In my experience, I've always desired to remix work which reaches out to me in one way or another. Most of the time, for me, its the melody. My remix style is generally an 'overhaul' style, as I like to call it. I like to take one or a few elements from a track and make them into something new, while maintaining the motif and allure of the original. For the purpose of this article I'll focus on this style of remix as it is, in my opinion, one of the more comprehensive styles of remix.
When creating a pack its important to keep in mind that there will be a large variety in production styles for those willing to remix your track. Also keep in mind that different producers use different tools to work on music.
I propose these postulates of the remix pack:
* In my opinion, the best remix pack should be composed of all - or most - of the original elements which you used in your track.
* The pack should always be in .wav format, for universality purposes and to provide the highest quality of sound.
* The samples in the pack should be rendered as separate channels, in full or cut length of the track.
* You can include a melodic or bassline variation of something you used in your original. This will let people add an element to the remix which wasn't available in the original production.
* Don't forget to include some or all of the fx you used in your track. This will allow the remixer to maintain a similar transition style which compliments the original. While not everyone likes to do this, its a nice thing to have, particularly if you used some really interesting fx in the original production.
* The pack should feature two versions of some or all of the samples. One version is the 'wet' version, meaning rendered with all of the effects which you used in the original. One version is the 'dry' version, which provides the original elements without any of the effects.
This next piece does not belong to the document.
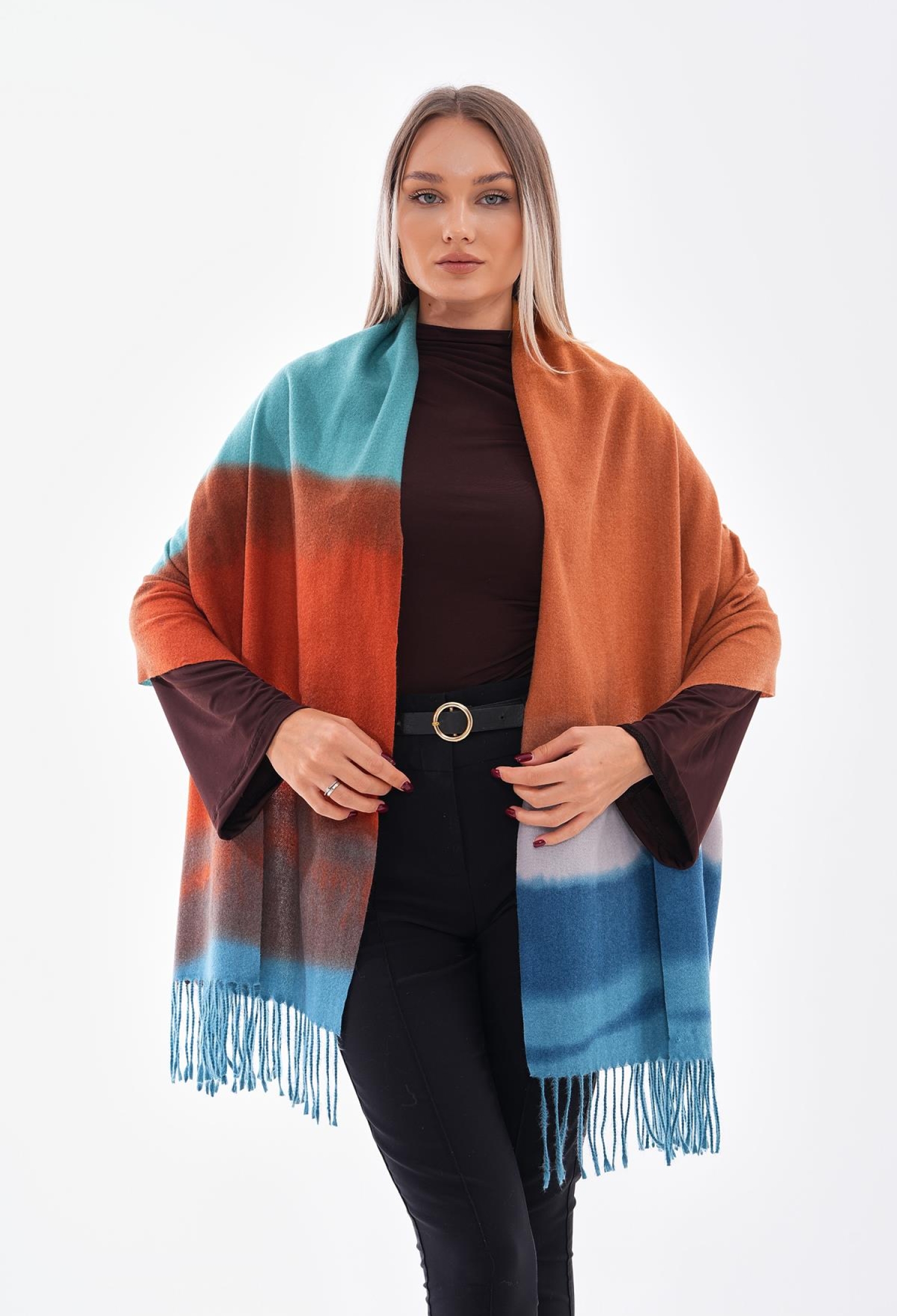 Aqua Green Tassel Shawl - Multicolored - Brand: Axesoire - Women & Kids, Baby Clothes Wholesale - TheBS Women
My personal preference is to always get 'dry' samples, particularly when dealing with vocals. If all of the samples are 'wet' this limits the amount which can be done to them significantly. This mostly applies to delay, reverb, glitching and filters. 'Wet' samples do have a unique place as well, however, since they allow the remixer to have access to the exact sound you used, which they may not know how to, or not have the tools, to recreate themselves.
* Sometimes [if the track has a complex melodic or bassline structure] its nice to include a MIDI of your bassline or melody. Personally, if I don't write and entirely new one, I like to use elements of an original bassline, change the instrument, and write a new variation. Adding a MIDI gives the remixer a glimpse into the structure of your track and doesn't limit them to using your sample, solely.
Some faux pas of remix packs, which I have observed or experienced are:
* Including samples in a pack to which you don't have the rights, like commercial loops or parts of others' tracks. This should never be done, as it can get you and your remixer in trouble. Always include only original samples in your remix pack.
* Providing a limited amount of samples greatly hinders the ability of and interest for someone to remix your work. When creating a remix pack, think about whether this is something you personally would be interested in spending your time working on.
* If you are not, in one way or another, compensating the remixer, and you have not provided a deadline for the remix, try not to follow up with them on completion timing excessively. Putting pressure on someone to finish a creative project usually leads to a messy, partially-finished project or complete loss of motivation and interest. A lot of producers have full-time jobs, families and other responsibilities and don't always have time to spend hours in the studio working on a project every day.
Remixes are intended to be fun, so let the remixer have the freedom they need to complete the project to the point where they are 100% satisfied in presenting it to you. If you need the remix for a promo or an event, be sure to let the remixer know of your time constraint request before they agree to take on a project.
* Do not ask the remixer to see a work-in-progress. A lot of producers take great pride in their work and may be offended by such a request, or they may not feel confident in providing you with something they are not completely happy with.
* Not providing terms for the remix is a big faux pas. Whether it sounds pointless or not, always give at least some general guidelines to the remixer(s), in advance, on how the samples can be used. Are they copyrighted to you or your label? Will you allow the remixer to post the track for download, streams, at all? Be sure to specify how this remix can be used by the remixer, and how you plan to use this remix. Try to be fair to the remixer for their effort, after all, they are investing their time into helping you gain exposure.
* Don't provide a mid-quality limited sample pack for free and then ask the remixer(s) to pay you for better quality samples, or more of them. (I'm wagging my finger at you Fedde Le Grand's label) If you want someone to remix your work, be diligent in extending a courtesy to the remixer for spending their time in working on your project.
That's all I can think of as far as remix packs go, and I hope this brings some conversation out, as I am interested in hearing your opinions on this as well.
Thanks to all of the iDJ members who have given me remix packs to work on over the last few years, you've helped contribute to this article to a large extent!